Change in Status
Pre-tax health and welfare benefits cannot be changed outside of an open enrollment period except in the case of a qualifying change in status. Certain changes in family status or tax status or changes in an individual’s, spouse’s, or domestic partner’s employment that change eligibility for benefits may meet the definition of a change in status. Any desired benefit change must be consistent with the event and the change must be completed with Human Resources within 31 days of the event. For example, if the birth of a child is the change in status, a consistent change would be to add your child to your medical coverage no later than 31 days after the date of birth.
The one exception to the 31-day rule is for qualifying changes relating to CHIP and Medicaid. Only these qualifying changes allow for a 60-day window to make changes in your Rice benefits. This special enrollment opportunity is triggered if the employee or dependent who is otherwise eligible, but not enrolled in, a group health plan:
- loses eligibility for coverage under a State Medicaid or CHIP program, or
- becomes eligible for State premium assistance under a Medicaid or CHIP program.
The following are examples of qualifying changes in status:
- legal marriage or divorce (same- or opposite-sex)
- death of a spouse, partner or dependent child
- birth or adoption of a child
- spouse’s termination of employment or a new job
- change of employment status from full-time to part-time or vice versa (with a change in benefits eligibility)

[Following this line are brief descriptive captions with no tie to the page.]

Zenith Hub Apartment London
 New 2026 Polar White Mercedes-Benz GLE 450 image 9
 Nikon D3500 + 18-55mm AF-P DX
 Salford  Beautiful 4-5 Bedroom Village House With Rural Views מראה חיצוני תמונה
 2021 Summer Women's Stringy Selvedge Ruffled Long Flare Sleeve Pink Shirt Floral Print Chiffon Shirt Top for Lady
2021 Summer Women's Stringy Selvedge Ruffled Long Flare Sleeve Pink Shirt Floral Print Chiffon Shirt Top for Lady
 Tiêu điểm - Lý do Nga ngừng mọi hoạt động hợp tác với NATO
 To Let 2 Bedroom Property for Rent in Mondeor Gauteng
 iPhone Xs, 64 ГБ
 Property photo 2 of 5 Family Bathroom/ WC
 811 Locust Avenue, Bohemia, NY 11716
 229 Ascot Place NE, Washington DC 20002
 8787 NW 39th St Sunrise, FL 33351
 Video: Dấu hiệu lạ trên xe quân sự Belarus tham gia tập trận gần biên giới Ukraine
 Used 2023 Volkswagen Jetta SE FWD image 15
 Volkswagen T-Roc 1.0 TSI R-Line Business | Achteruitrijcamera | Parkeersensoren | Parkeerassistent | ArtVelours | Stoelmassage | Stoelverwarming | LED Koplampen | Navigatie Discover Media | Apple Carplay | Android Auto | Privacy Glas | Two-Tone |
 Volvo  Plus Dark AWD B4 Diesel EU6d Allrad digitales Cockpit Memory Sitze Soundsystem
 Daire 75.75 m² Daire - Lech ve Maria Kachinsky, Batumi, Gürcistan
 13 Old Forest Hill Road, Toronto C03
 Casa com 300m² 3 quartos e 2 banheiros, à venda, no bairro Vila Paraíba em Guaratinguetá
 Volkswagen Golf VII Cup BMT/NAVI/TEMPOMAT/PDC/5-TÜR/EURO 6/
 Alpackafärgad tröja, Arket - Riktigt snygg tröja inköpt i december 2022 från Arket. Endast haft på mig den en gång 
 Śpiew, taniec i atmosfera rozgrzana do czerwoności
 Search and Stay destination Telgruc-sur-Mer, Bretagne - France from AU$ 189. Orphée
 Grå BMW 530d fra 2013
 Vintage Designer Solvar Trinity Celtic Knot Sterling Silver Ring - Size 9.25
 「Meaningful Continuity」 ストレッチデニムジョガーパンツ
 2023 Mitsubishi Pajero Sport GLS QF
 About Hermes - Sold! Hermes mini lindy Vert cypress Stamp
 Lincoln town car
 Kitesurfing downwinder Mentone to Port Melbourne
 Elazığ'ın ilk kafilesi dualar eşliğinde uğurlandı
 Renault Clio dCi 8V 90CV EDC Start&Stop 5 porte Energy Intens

- taking an unpaid leave of absence
- open enrollment of a spouse’s plan
Also, in some circumstances, the law allows you to change plans upon a qualifying change in status (for example, change from CDHP to HMO upon birth of a child, or change from the HMO to the ACO upon retirement).
We will require “proof” of your qualifying change in status. For the birth of a child, this might bea birth certificate or the “Birth Facts” from the hospital if you have not received a copy of the Birth Certificate. When a spouse gets new health insurance, this might include a copy of his enrollment form (including the effective date of the new coverage).
The documentation of the event must have the name of the affected individual, the date of the event, and, if applicable, the name of the new or old insurance plan option you wish to change.
Please plan for the timing of your change in status. Most changes can only be made the first of the following month (or the first of the month, should the paperwork be completed and returned by the first business day of the month). We cannot process changes in status prior to the change (in other words, we cannot add a new spouse prior to the marriage), so please contact a member of the Benefits Team to make the change as soon as possible on or after the event.